Francois Franceschi: It is clear that the pipeline should be a lot richer than it is. And I think that CARB-X, for example, has been putting a lot of effort into bringing innovation and putting new things out there. But in part it's a structural issue, in the sense that everybody working in the area knows that whatever they are doing is mostly for public health reasons, because the return on investment right now is just not there. And then it is difficult to convince people to try to develop new antibiotics, when really there is very little light at the end of the tunnel in that sense.

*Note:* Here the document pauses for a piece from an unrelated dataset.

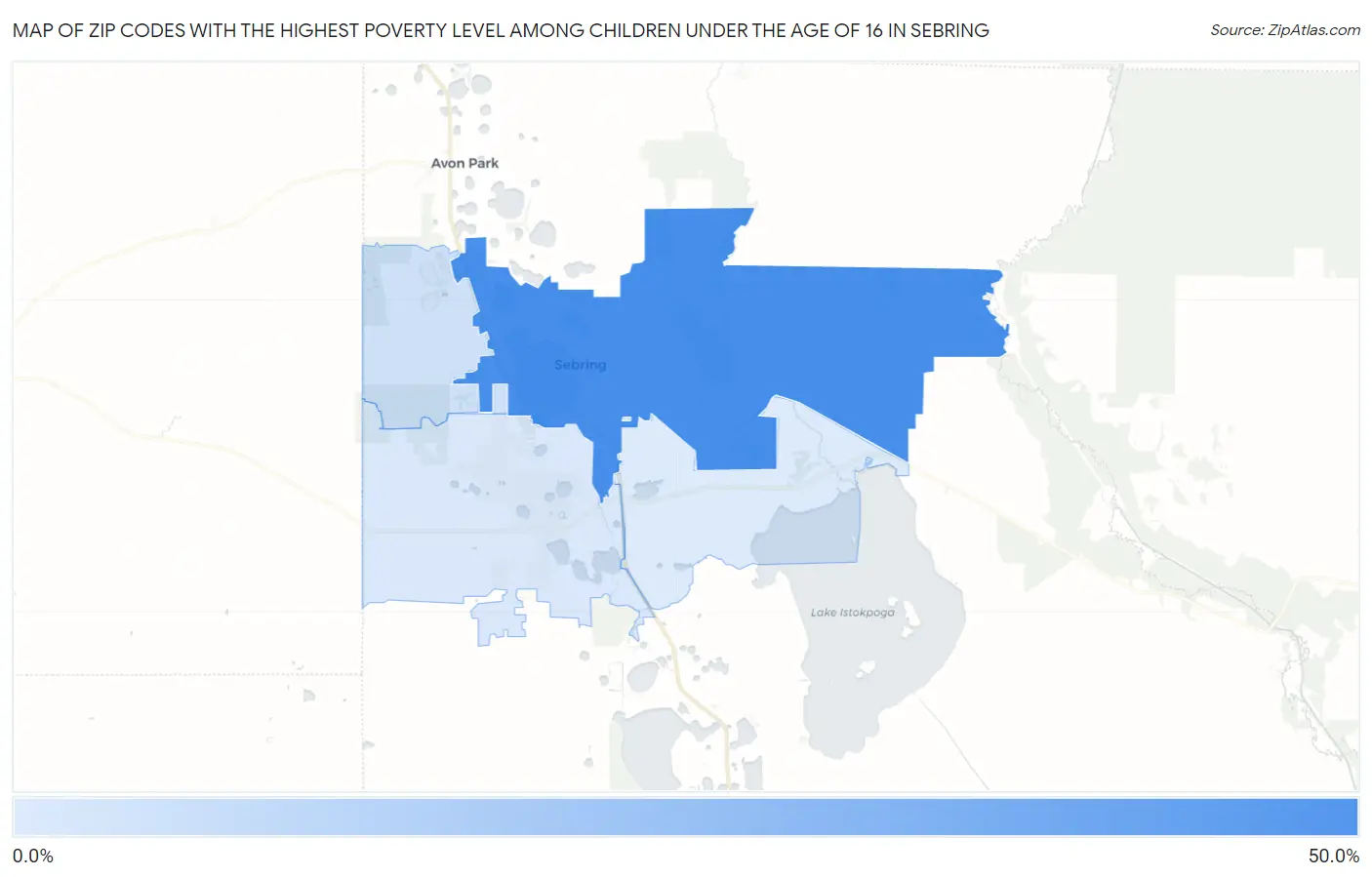 Zip Codes with the Highest Poverty Level Among Children Under the Age of 16 in Sebring Map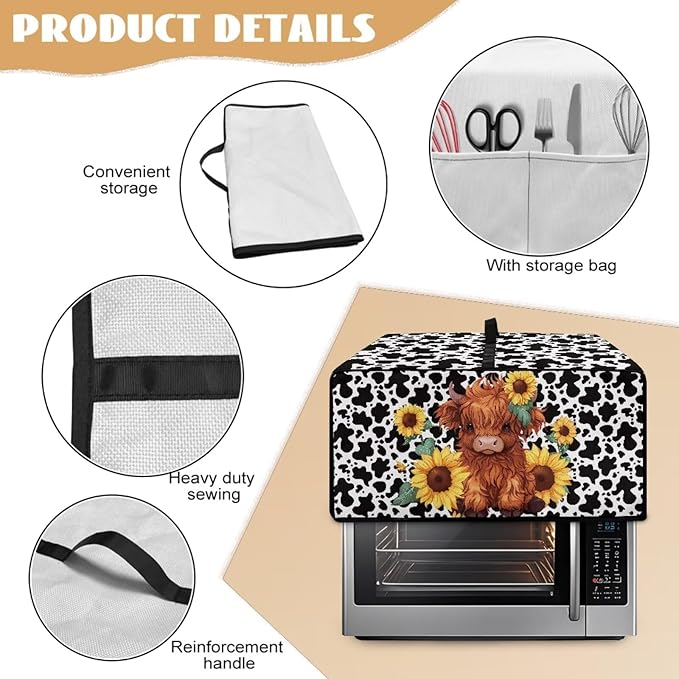 Microwave Oven Cover with Storage Pockets Waterproof Toaster Oven Dust Cover Universal Kitchen Appliance Protector, Cartoon Highland Cattle Sunflower Cow Print, S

It's a very complicated issue. Clearly, we need to have more in the pipeline. A lot of the products in the pipeline are incremental improvements on old drugs, and that's not going to bring us much further, I'd say.
But you have bright spots, like Bugworks for example, which brought us a really new type of mechanism of action and new chemistry. And Roche, which is one of the few large companies out there that is still in the antibiotic business, has come up with a new candidate against Acinetobacter baumannii. They are going to start the phase 3 trials very soon. And that's also a completely new mechanism of action. So there are some bright spots out there.
But yes, we will need a lot more. And what people don't understand is that it's not as simple as, “Okay, I have this problem, and we need a new drug.” A new drug needs—if you are a magician—at least six years from when you started to being approved. So it's nothing you can solve in in a blink of an eye.